6/10
Some heavy subject matter with an ambiguous message.
23 February 2019
Warning: Spoilers
So Der Todesking is not the most feel good film of all time, as it's subject matter is suicide, loneliness, depression, and also redemption in the absolute worst ways. It is a film about people who get the short end of the stick in life and how people at their worst can take control of their miserable lives through suicide, thus becoming Der TodesKing (or King of Death). The King of Death supposedly exists within all minds and can manifest when we are at our worst, driving suicidal thoughts into our minds. The film is broken up into 7 days following different people who are struggling to cope with existence in a world they view as empty. Thursday in particular was a strange sequence of just a German bridge and the camera floating all the way over it. While the camera is floating over the bridge we see names flashing on the screen, ages, and occupations, implying they are people who jumped from this bridge today. Between scenes a body is shown being devoured by bugs until over the span of the film it is eaten to almost it's entirety, and all while the film's score plays (nice score but wish it had more music). The film attempts to explain the concept of suicide as a radical escape from harsh reality, and a way of taking revenge against society for it's progressiveness that tends to leave so many behind. When left behind those who tend to take their own life know for but a moment that they will not be ignored if only for the moment, and in spite remind everybody of the emptiness in their existence that others may have contributed to.

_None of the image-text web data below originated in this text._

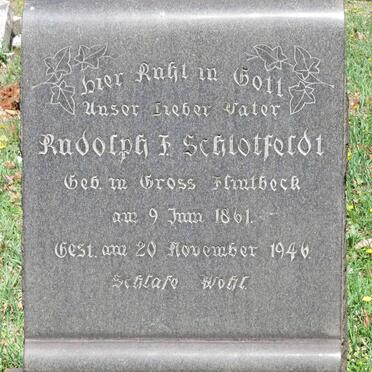 SCHLOTFELDT Rudolph F. 1861-1946
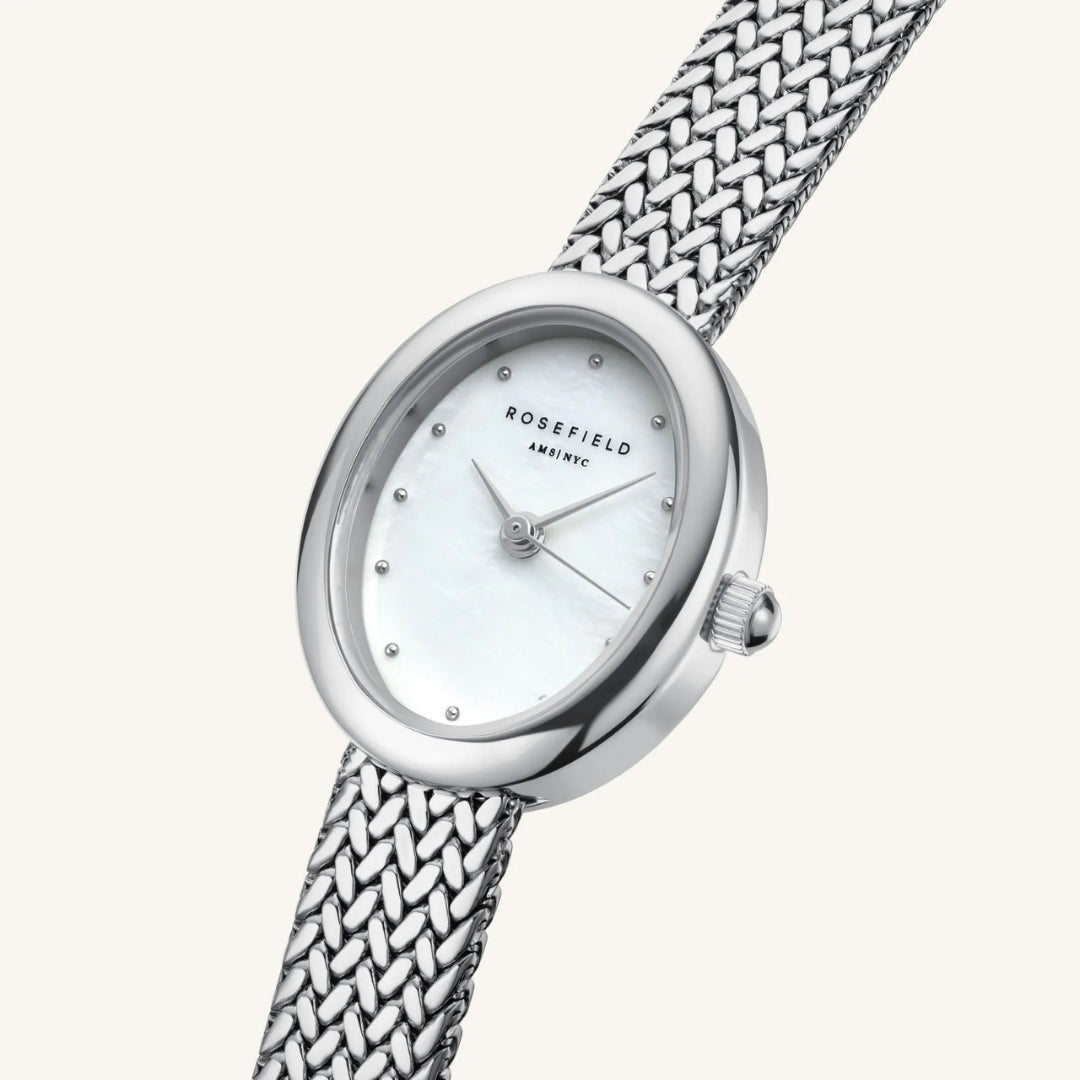Rosefield Mini Oval Silver Watch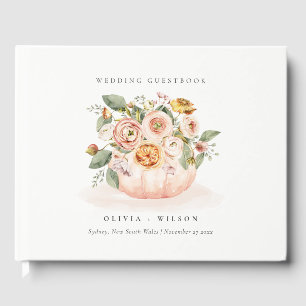 Livre D'or Élégant blanc rose rose Citrouille Mariage floral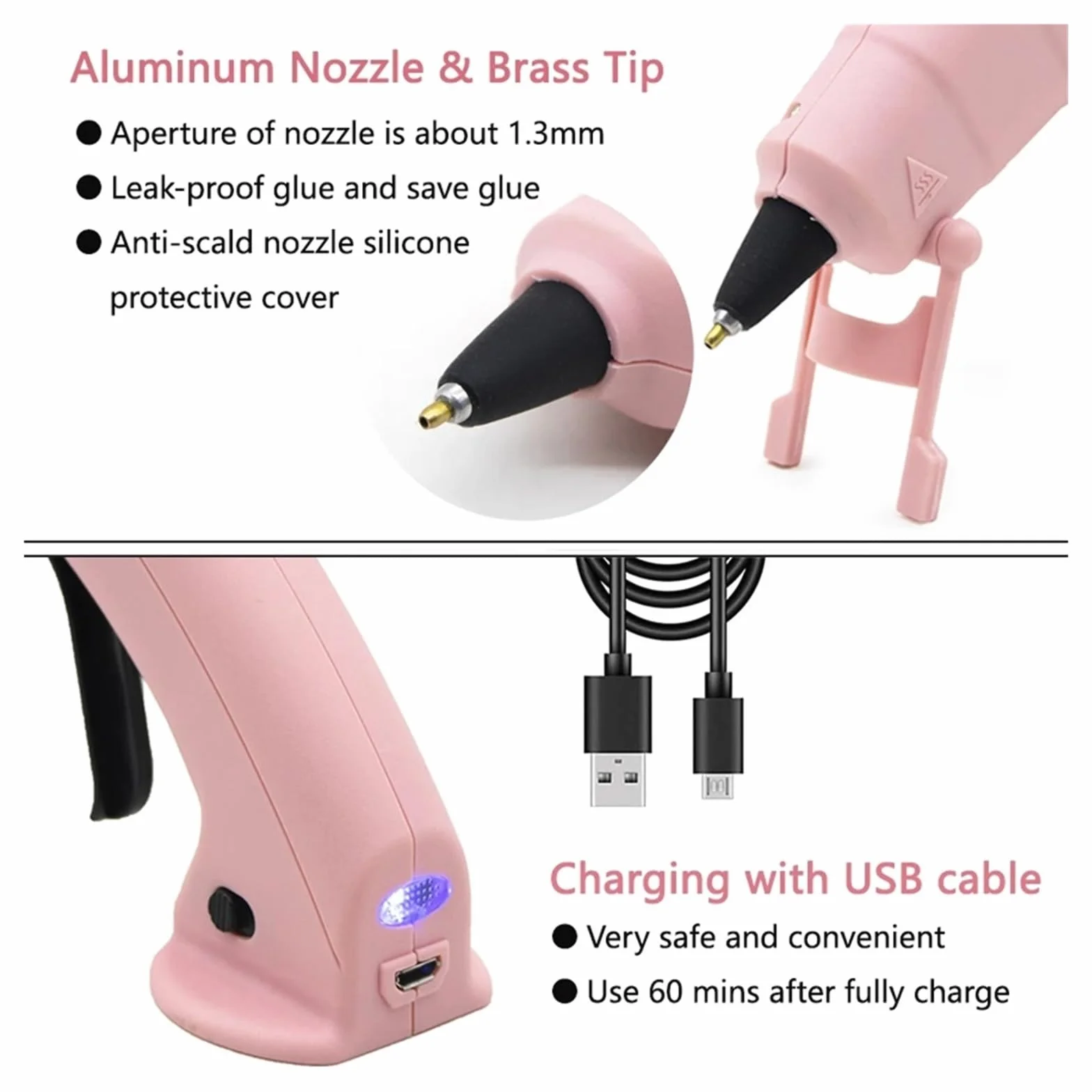 Bezprzewodowy Pistolet Do Klejenia Na Gorąco Dziecko Rękodzieło Domowe Naprawy DIY Użyj Kleju W Sztyfcie 7 Mm Bezprzewodowy Pistolet Do Klejenia 3,6 V 2000 MAh 60 Min Czas Użytkowania Szybkie Nagrzewa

Overall being a Jorg Buttgereit (Nekromantik 1 & 2, and Schramm) film, I couldn't help but be surprised the film wasn't more exploitive like his past works. He says the film is supposed to be anti-suicide, but nobody in the film really has anything good happening in life. With that being said those who submit to their urges always appear in absolute agony, and therefore I can't claim it glorifies it in any way either. So I guess it's an ambiguous somewhat avante garde take on some very heavy subject matter. I don't hate it, but I wasn't overly entertained either, which I'm sure was the point. Maybe in some ways it shows the agonies in our life as impermanent, where as the ending of that life as an excruciating and sad task which in the end still brings no happiness. I guess I'd probably give it a 6/10 for it's attempt and sometimes successes at handling the controversial subject matter. Sometimes it was a beautiful film, but equally it was a drag at points.